Depuis la chute du régime de Bachar El-Assad en 2024, la région de Soueïda, au sud de la Syrie, a émergé comme un point central du trafic de captagon, une amphétamine de synthèse recherchée au Moyen-Orient. Ce territoire, désormais contrôlé par un dignitaire druze séparatiste appuyé par Israël, a transformé la frontière jordanienne en un véritable carrefour de la contrebande.
Durant les années de conflit, le captagon était devenu l'“industrie phare du régime d'El-Assad”, selon le quotidien d'État Al-Thawra. Entre 2022 et 2024, la Syrie représentait près de 80 % de la production mondiale de cette drogue, dont les profits dépassaient même ceux des cartels mexicains.
La chute du régime a certes entraîné une diminution rapide de la production industrielle de captagon, comme l'explique le média Enab Baladi. Les infrastructures du régime et du Hezbollah ayant été démontées, le trafic a connu un fléchissement temporaire. Cependant, il a rapidement repris avec vigueur dans la région de Soueïda.
Soueïda : entrepôt caché du captagon
Une récente enquête menée par Suwayda24 révèle que cette ville est devenue un véritable “entrepôt caché” pour la production et le trafic de captagon. Ces factions locales, souvent liées à la “garde nationale” de Hikmat Al-Hijri, ont hérité des infrastructures de production et se sont alliées aux contrebandiers pour développer de nouvelles méthodes de distribution, y compris des techniques innovantes de pilotage de ballons hélium pour faire passer les pilules à travers la frontière.
Depuis juillet 2025, le volume de trafic de drogue de Soueïda vers la Jordanie a triplé, incitant les gouvernements d'Amman et de Damas à mener des opérations militaires contre ces réseaux. Le 3 mai dernier, des frappes aériennes jordaniennes ont ciblé des installations de production dans la région.
Développement international des saisies
Ces actions font partie d'efforts plus larges réalisés par les autorités syriennes en coordination avec des pays comme l'Irak et la Turquie, visant à contrer le trafic.

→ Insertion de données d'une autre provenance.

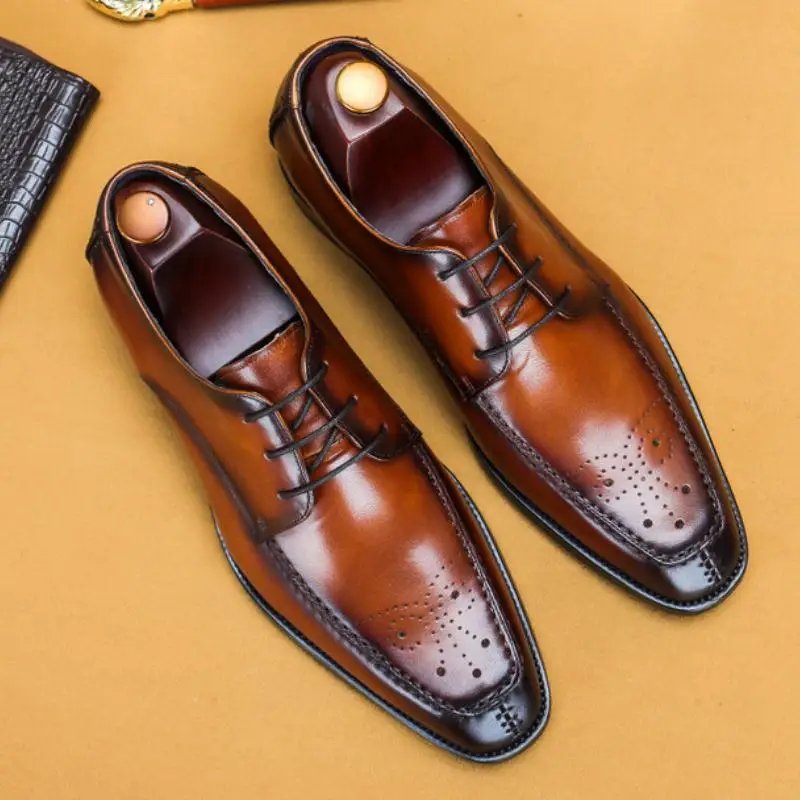 

New Handmade Genuine Leather Dress Men Shoes Brogue Business Office Work Shoes England Mens Carving Lace Up Leisure Party Shoes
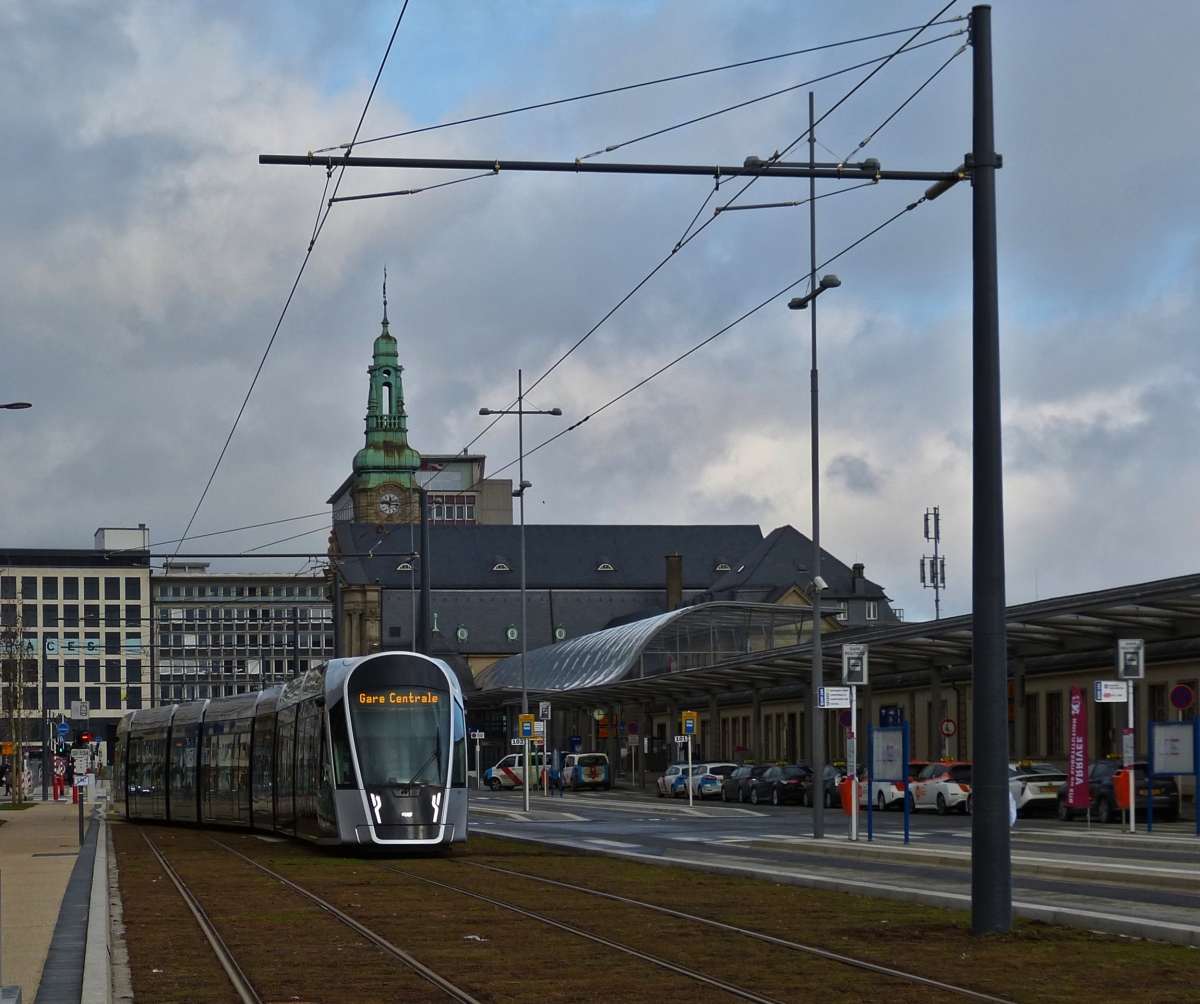 13.12.2020.  Erster Tag der Personenbef�rderung der Stra�enbahn in der Stadt Luxemburg.  
Die Tram wechselt hinter der Endstation „ Gare Cental“ das Gleis um nach kurzem Halt und wenn der Fahrer den F�hrerstand gewechselt hat die R�ckfahrt in die Oberstadt anzutreten. 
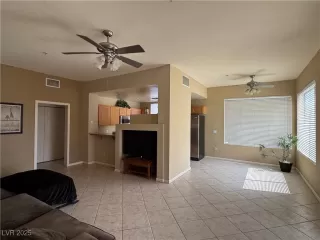 Photo #4: 2689125 Listing 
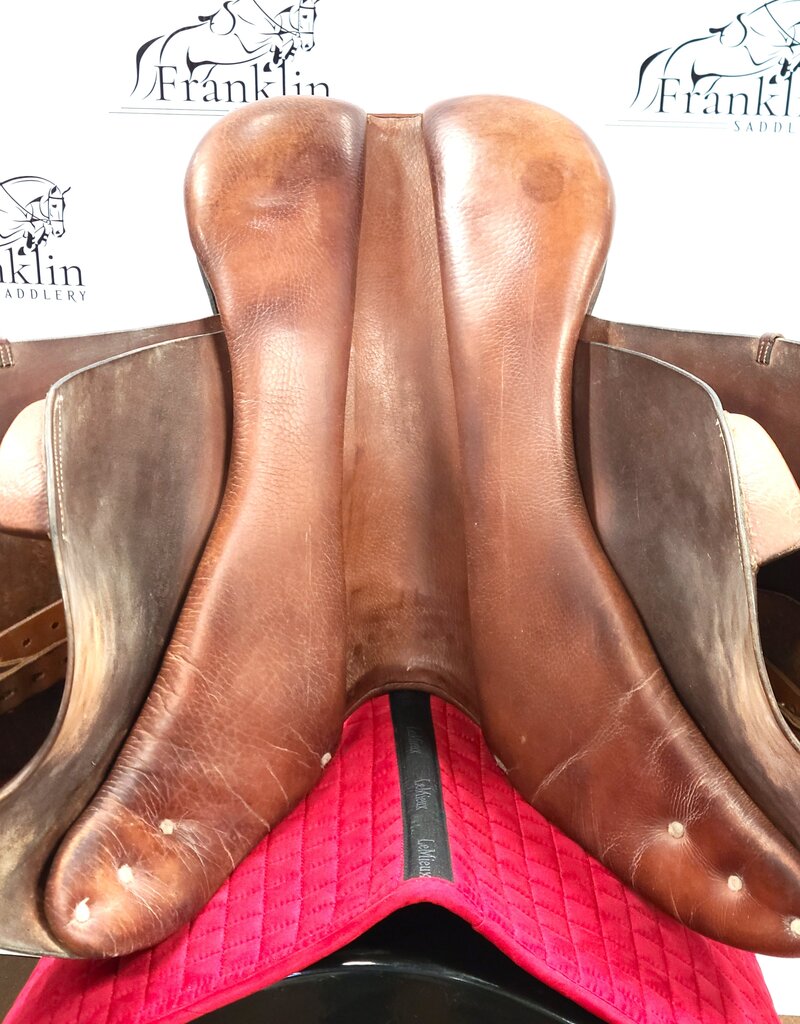 Barnsby Jumping Saddle 18" Seat Consignment #827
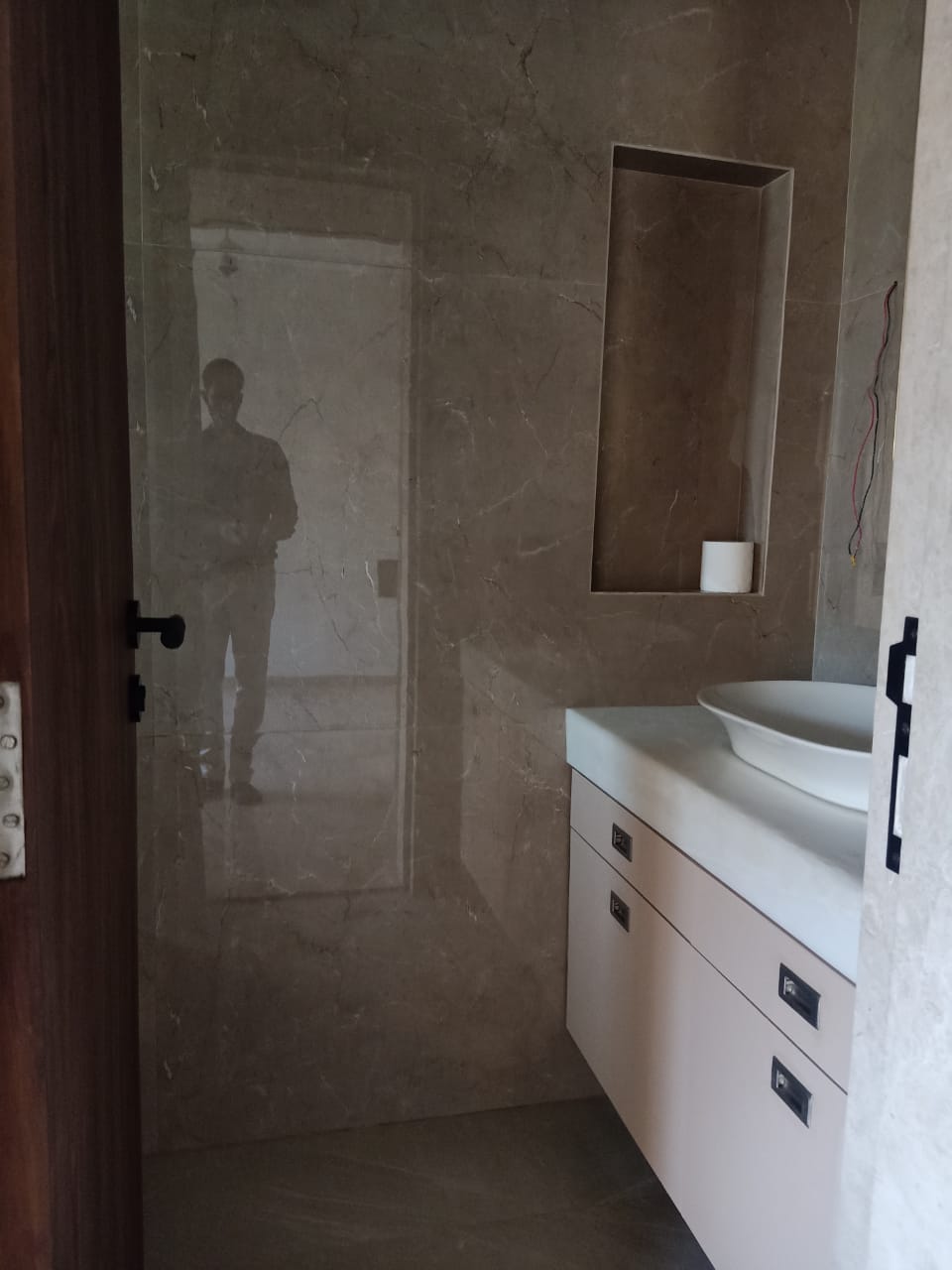 17 - Regency Terraces, Khar West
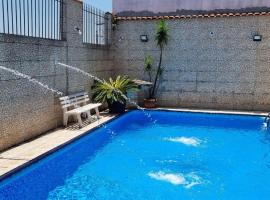 Casa com piscina e lazer，位于圣贝尔纳多-杜坎普的酒店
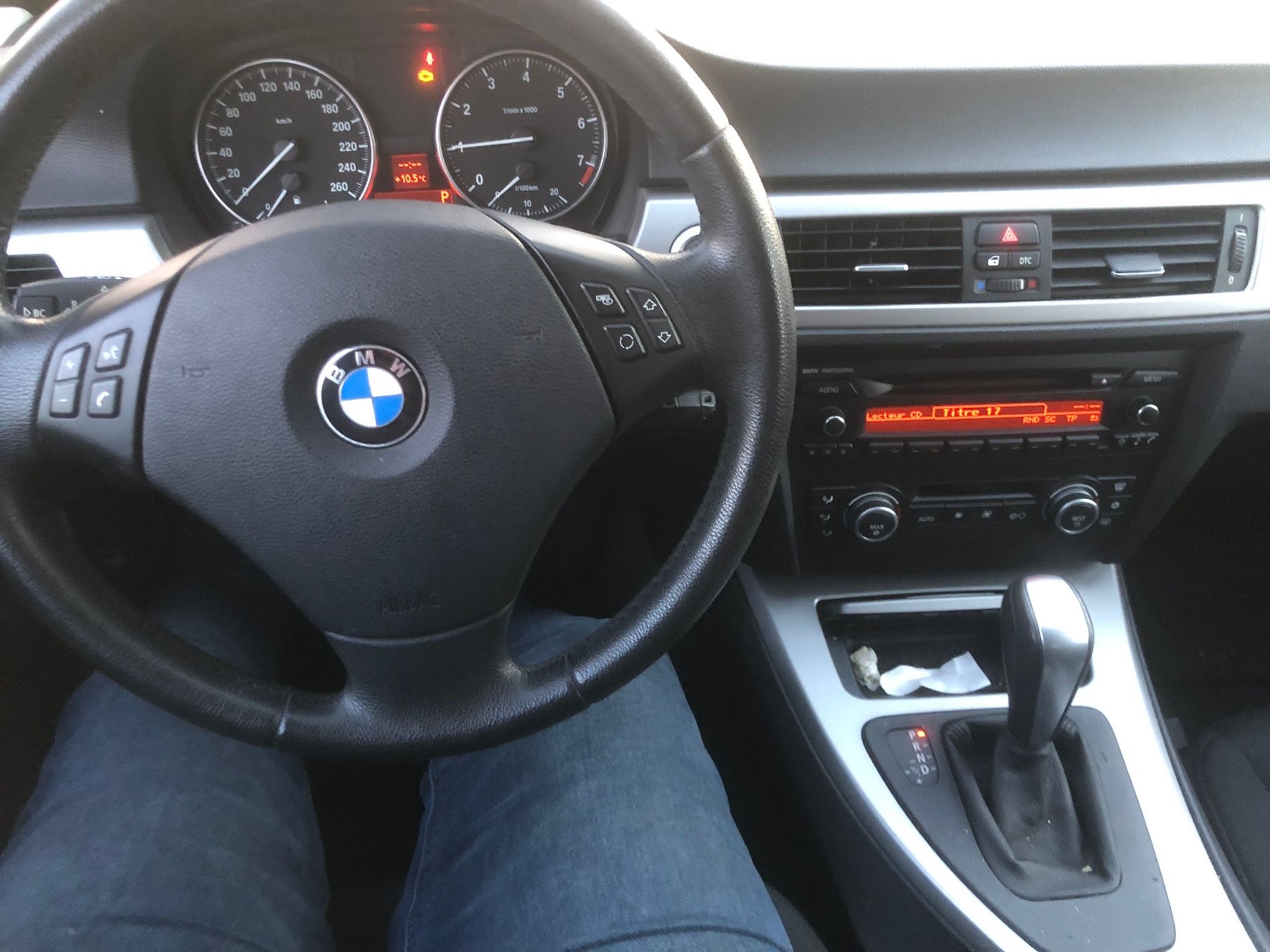 BMW 320i Steptronic-image-7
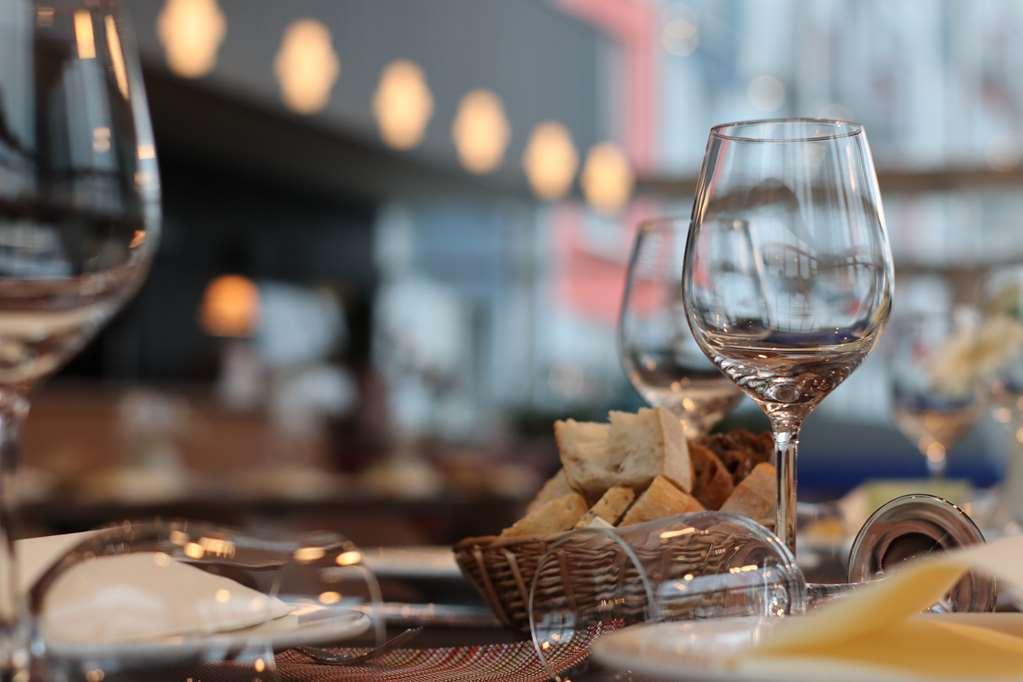 Stay2Munich Hotel & Serviced Apartments Brunnthal Restoran foto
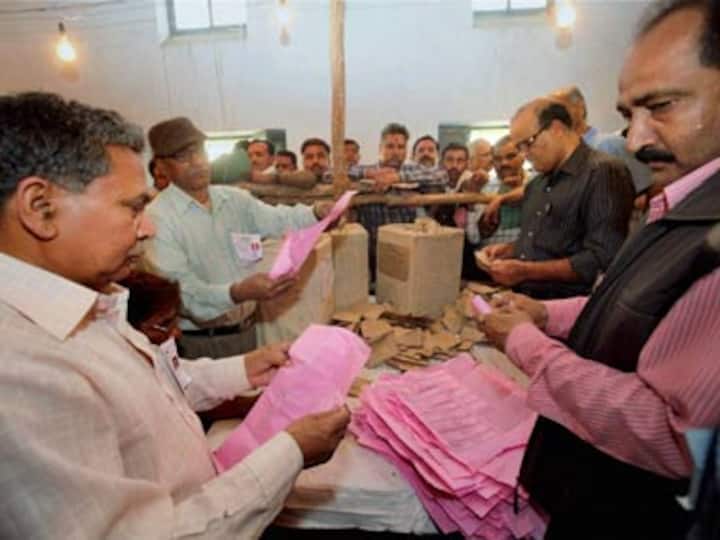 Live election results: SP, Akali Dal celebrate, national parties introspect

Des saisies récentes ont été annoncées, y compris une opération emblématique où 25 millions de comprimés ont été interceptés, souligne Al-Ikhbariah.
Le trafic de captagon ne se limite pas aux frontières syriennes. En mai, l'Inde a également annoncé avoir saisi 227 kilogrammes de cette drogue, prouvant l'ampleur du réseau mondial de distribution.
Alors que Soueïda émerge comme un pilier du trafic de captagon, les implications régionales demeurent inquiétantes, et la communauté internationale suit avec attention l'évolution de la situation en Syrie.